As the score suggests, Duke relied on a familiar formula, a rock-ribbed defense, depth and rebounding to overcome a shaky offense and some woeful foul shooting to post its 13th ACC win in sixteen tries. Duke remains tied with Notre Dame for first place in the conference and likely will not have to leave the state of North Carolina for a long time.
“A very difficult game,” Kara Lawson said. “I thought Virginia made things really hard for us. This is a hard league. Hard to win games.”
Virginia’s last lead was at 10-9. An 8-0 run gave Duke some separation and the first period ended 19-15 Blue Devils, suggestions of an offensive renaissance for Duke, perhaps.
But Duke reverted to form in the second period. Offensively, that meant a 14-point Duke quarter. But defensively it also meant a 12-point Virginia quarter.
Duke actually jumped on top 22-15 when Taya Corosdale knocked down a 3 on the first possession of the second quarter.

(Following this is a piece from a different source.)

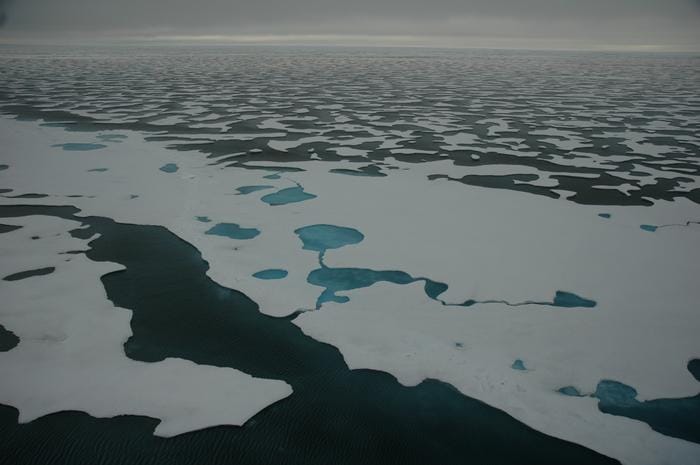 Arctic sea ice is shrinking at an accelerating pace, leading to faster melt rates and shifts in nutrient dynamics. A study led by the University of Washington demonstrates how cosmic dust particles can be used to reconstruct sea ice conditions spanning the last 30,000 years.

But Duke went four minutes without scoring, letting Virginia back in the game at 22-21. Reigan Richardson scored five straight for Duke and the half ended with Duke up 33-27.
Duke had Virginia on the ropes in the third quarter after opening with a 9-2 run, 3-pointers by Celeste Taylor, Elizabeth Balogun and Vanessa de Jesus making it 42-29. But some careless turnovers, some bad fouls and the third period ended with Duke holding on to a tenuous 44-39 lead.
Duke’s fourth-quarter lead ranged from six at 47-41 after another Corosdale triple down to two at 47-45, Duke unable to put away Virginia, the Cavaliers unable to push the boulder all the way up the hill. Duke got stuck on 50 points for 4:10, Virginia got stuck on 47 for 2:51. Offensive ineptitude or defensive dominance. Call it what you want but the clock was ticking while all this was going on and Duke looked like they had put it away when Shayeann Day-Wilson hit a short jumper to make it 54-47, with 1:39 left.
But Celeste Taylor missed a foul shot, Duke had a five-second violation on an inbounds play--after a timeout, no less—and Virginia closed to 55.-52.
Taylor finally wrapped it up by making one of two from the line--she was two for six, Duke was two for nine, Jordyn Oliver missing the other three.
Yes, Duke only had two players go to the foul line.
“It would have made it a little less dramatic,” Lawson said of the missed foul shots.
So, not an aesthetic masterpiece. But an ACC road win is an ACC road win. And Duke did some things very well, holding Virginia to 33.9% shooting from the field. Excluding Taylor Valladay’s 8-13, Virginia was 11 for 43 from the field. That’s 25.6%.
Duke also outrebounded Virginia 35-32, a big deal considering Virginia was second in the ACC in rebounding differential going into the game. Taylor led everyone with 12 rebounds and eight assists, to go along with eight points. Balogun led Duke with 12 points, with Corosdale and Richardson adding 10 and 9.
17 assists? Two thumbs up.
18 turnovers? Not so much.
“Ball security, I can’t say has been a great strength of ours,” Lawson acknowledged. “It’s something we struggle with. We obviously try to work on it. I thought we tried to squeeze the ball into too tight a window and make home-run passes when we just needed to make the simple play.”
Valladay led everyone with 19 points.
Duke finishes at home with its Triangle rivals, NC State on Thursday, North Carolina on Sunday. Two wins would guarantee no worse than a share of the ACC regular-season title and top seed in the ACC Tournament. And that 23-4 overall record should look pretty good to the selection committee but a little burnishing wouldn’t hurt at all.